HPC Cluster Tuning on 3rd Generation Intel® Xeon® Scalable Processors

Published: 08/17/2021

Introduction

Optimizing performance of servers used for the high-performance computing (HPC) applications may require different configuration options than for servers used with other enterprise applications. For HPC clusters, the goal is to reduce workload runtimes for applications using MPI libraries and high-performance fabrics This guide will cover many system and software configuration options that have been demonstrated to improve application performance in internal controlled tests.

All configuration settings are intended for multi-node HPC clusters running 2-socket 3rd Generation Intel® Xeon processor-based servers. No other hardware has been evaluated for this guide.

The objective of this guide is to provide an environment optimized for typical multi-user production clusters. Configuration settings should be beneficial to a broad list of multi-node applications using MPI libraries. However, HPC applications may be affected differently by settings using in this guide; therefor performance improvement for any single application cannot be guaranteed.

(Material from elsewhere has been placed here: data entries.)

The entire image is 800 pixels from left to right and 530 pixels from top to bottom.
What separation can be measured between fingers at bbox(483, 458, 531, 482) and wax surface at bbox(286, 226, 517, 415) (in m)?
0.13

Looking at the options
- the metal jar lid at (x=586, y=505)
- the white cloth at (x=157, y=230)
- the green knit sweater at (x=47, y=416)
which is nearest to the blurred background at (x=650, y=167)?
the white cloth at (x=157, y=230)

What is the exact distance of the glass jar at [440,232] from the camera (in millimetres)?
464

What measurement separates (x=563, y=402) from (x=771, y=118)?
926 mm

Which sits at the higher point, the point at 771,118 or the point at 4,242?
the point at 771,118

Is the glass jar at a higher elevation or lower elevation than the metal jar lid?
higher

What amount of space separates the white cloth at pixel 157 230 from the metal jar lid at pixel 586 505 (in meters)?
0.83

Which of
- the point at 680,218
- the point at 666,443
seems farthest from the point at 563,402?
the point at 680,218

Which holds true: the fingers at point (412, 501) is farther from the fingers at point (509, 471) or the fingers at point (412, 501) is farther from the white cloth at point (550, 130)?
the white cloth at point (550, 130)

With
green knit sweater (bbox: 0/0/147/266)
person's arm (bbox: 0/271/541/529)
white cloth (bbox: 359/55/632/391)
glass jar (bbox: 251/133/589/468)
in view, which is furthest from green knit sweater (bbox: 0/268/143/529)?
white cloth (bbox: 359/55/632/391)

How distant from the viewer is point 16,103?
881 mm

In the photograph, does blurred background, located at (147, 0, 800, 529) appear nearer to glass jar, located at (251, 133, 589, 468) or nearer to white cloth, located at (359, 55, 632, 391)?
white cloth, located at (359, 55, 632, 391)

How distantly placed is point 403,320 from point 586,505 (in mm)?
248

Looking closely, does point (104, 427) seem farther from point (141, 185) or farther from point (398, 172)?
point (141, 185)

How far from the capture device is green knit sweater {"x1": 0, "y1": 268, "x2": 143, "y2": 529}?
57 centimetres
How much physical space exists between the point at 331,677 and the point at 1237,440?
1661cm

3rd Generation Intel® Xeon Scalable Processors

3rd Generation Intel® Xeon® Scalable processors (former codename “Ice Lake”) deliver industry-leading, workload-optimized platforms with built-in AI acceleration, providing a seamless performance foundation to help speed data’s transformative impact, from the multi-cloud to the intelligent edge and back. Here are some of the features in these new processors:

  • Enhanced performance
  • Enhanced Intel® Deep Learning Boost with VNNI
  • More Intel® Ultra Path Interconnect (UPI) links
  • Increased DDR4 memory speed and capacity (2 integrated memory controllers; 4 channels per controller)
  • Intel® Advanced Vector Extensions (Intel® AVX)
  • Intel® Security Essentials supporting Intel® Security Libraries for Data Center (Intel® SecL-DC)
  • Intel® Speed Select Technology (Intel® SST)
  • Support for Intel® Optane™ Persistent Memory 200 series

Hardware Configuration

DIMM Slot Configuration

Populate all memory channels with the fastest DIMM speed supported by the platform.

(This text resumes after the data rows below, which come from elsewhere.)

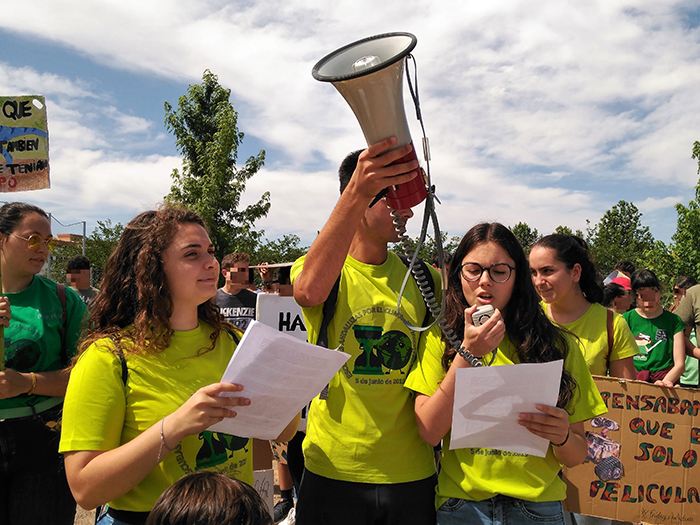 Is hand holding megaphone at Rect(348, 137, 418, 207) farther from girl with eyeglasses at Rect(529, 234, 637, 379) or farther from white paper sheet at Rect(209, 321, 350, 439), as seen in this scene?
girl with eyeglasses at Rect(529, 234, 637, 379)

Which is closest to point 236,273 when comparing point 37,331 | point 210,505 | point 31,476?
point 37,331

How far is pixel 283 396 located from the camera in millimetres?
1778

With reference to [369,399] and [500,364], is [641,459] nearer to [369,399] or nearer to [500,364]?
[500,364]

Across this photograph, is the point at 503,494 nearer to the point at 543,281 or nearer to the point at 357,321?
the point at 357,321

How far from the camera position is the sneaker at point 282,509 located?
4780mm

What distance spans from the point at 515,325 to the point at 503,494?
0.63 m

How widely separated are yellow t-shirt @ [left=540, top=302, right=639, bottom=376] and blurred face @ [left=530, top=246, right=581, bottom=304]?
19 cm

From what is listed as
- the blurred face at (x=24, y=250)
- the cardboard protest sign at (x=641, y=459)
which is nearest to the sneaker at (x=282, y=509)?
the cardboard protest sign at (x=641, y=459)

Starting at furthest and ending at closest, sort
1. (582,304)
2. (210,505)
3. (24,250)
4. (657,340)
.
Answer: (657,340), (582,304), (24,250), (210,505)

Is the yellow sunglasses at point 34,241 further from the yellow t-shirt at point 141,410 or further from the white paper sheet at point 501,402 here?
the white paper sheet at point 501,402

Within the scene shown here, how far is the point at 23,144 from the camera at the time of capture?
10.2 feet

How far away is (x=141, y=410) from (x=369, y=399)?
86 centimetres

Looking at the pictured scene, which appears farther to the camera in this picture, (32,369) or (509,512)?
(32,369)

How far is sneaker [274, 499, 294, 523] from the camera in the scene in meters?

Intel 3rd Generation Xeon Scalable processors supports 8 memory channels per processor. Every memory channel should be occupied by at least one DIMM. Use identical dual-rank, registered DIMMS for all memory slots. Dual-rank DIMMs will perform better than single rank DIMMs. DIMM speed should be the fasted speed supported by the platform.

At the same memory speed, 2 DIMMs per channel may perform slightly better than 1 DIMM per channel, if memory speed is not reduced by using more than 1 DIMM.

Do not use Intel® Optane™ memory for HPC benchmarks.

Memory Size

Most HPC applications and benchmarks will benefit from larger physical memory size. Specific requirements will be determined by the application. As an example, each cluster node running the GROMACS or LAMMPS molecular dynamics codes should have a minimum 96 GB of RAM installed. Following memory population guidelines and using one 16-GB DDR4 DIMM in each memory channel would provide a total 256GB of RAM for a 2-socket system.

Memory Errors

A repeating, corrected memory error will reduce performance. If memory correction is enabled, check dmsg or the system event log to confirm there are no corrected memory events and replace any DIMMs that show repeated memory errors.

BIOS Settings

Enable Sub-NUMA Clusters, enable One-way IMC Interleave, and set power profiles to “Performance”

CPU Power and Performance Policies and Fan Profiles should always be set to “Performance”.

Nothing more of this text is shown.